Fix: Measure oil with a tablespoon instead of pouring freely. 1 tbsp = 120 kcal.
Why it matters: The nutrition values are for 1 standard serving. Eating 2-3x the serving means 2-3x the kcal (383-574.6 kcal).
Fix: Use the Hint app to scan and log the exact portion you eat for accurate tracking.
One serving of Chicken Leg Skinless contains 191.5 kcal (19.4g protein, 0g carbs, 12.6g fat). That's 191.5 kcal per 100g. You can track exact portions in the Hint app.
At just 191.5 kcal per serving, this is an excellent choice for weight management. With 19.4g protein, it supports lean muscle while cutting kcal. Pair with a salad or raita for a filling, low-calorie meal.
With a low glycemic index of 49, this recipe supports stable blood sugar levels. The protein content (19.4g) helps prevent blood sugar spikes. The glycemic index is 49 (Low). Always consult your dietitian for personalized guidance — Hint Premium connects you with expert dietitians.
Yes! Chicken Leg Skinless provides 19.4g protein per serving, making it a good protein source for muscle building and satiety.
Yes, Chicken Leg Skinless is light enough for dinner at 191.5 kcal. Having a lighter dinner 2-3 hours before sleep supports better digestion and weight management.
Chicken Leg Skinless already has good protein (19.4g). Pair with a whole grain like roti or brown rice, and add a vegetable side or raita for fiber and micronutrients.
Women with PCOS should pair this with fiber-rich vegetables and a protein source to improve the insulin response.
Higher protein intake increases satiety and reduces overall calorie consumption
Leidy HJ et al. (2015). The role of protein in weight loss and maintenance. American Journal of Clinical Nutrition.

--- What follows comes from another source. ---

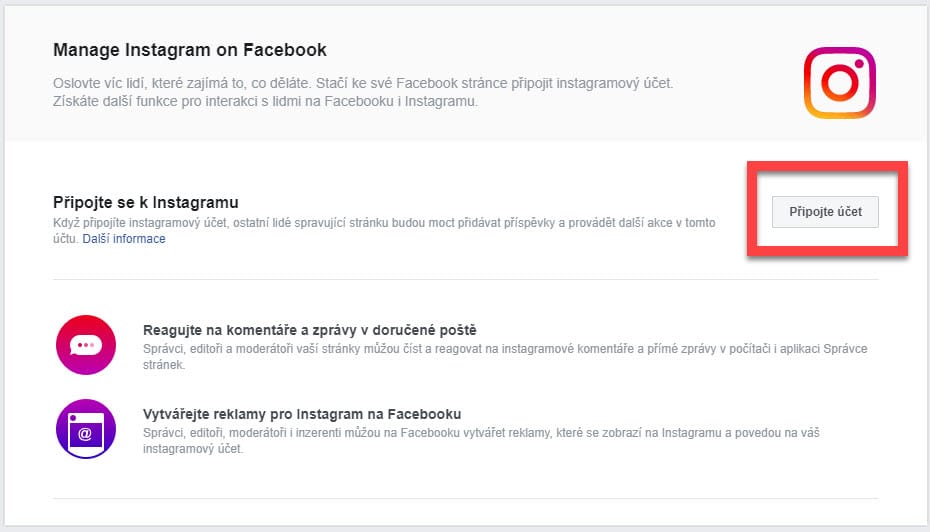 Propojení s Instagram profilem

DOI: 10.3945/ajcn.114.084038Low glycemic index foods help improve blood sugar control in people with diabetes
Brand-Miller J et al. (2003). Low-glycemic index diets in the management of diabetes. Diabetes Care.
DOI: 10.2337/diacare.26.8.2261Portion control is one of the most effective strategies for managing calorie intake and body weight
Rolls BJ (2014). What is the role of portion control in weight management? International Journal of Obesity.